(Beginning of Extracted information)

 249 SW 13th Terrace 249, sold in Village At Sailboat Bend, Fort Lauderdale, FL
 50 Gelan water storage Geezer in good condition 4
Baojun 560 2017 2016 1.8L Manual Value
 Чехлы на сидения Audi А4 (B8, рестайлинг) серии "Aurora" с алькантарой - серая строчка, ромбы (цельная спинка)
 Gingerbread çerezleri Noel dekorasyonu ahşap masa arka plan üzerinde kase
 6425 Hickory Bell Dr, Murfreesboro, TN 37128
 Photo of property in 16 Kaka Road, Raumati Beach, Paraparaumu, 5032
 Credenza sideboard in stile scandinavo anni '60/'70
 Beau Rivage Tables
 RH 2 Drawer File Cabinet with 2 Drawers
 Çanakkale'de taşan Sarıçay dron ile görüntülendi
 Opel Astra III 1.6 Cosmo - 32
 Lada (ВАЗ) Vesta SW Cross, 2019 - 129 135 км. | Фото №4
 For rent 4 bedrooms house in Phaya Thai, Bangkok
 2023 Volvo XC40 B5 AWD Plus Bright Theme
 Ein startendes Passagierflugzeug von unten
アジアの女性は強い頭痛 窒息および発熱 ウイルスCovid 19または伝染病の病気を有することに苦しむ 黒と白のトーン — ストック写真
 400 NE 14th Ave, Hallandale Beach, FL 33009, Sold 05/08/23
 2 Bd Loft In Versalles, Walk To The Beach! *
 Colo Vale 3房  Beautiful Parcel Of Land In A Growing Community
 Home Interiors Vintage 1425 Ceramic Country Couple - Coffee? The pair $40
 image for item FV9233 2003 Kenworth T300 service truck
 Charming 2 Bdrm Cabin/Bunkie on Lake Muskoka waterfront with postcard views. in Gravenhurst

(End of Extracted information)

Task instructions:
Within the data, how many lines hold the word "Beach"? State only that number.

Answer area:
3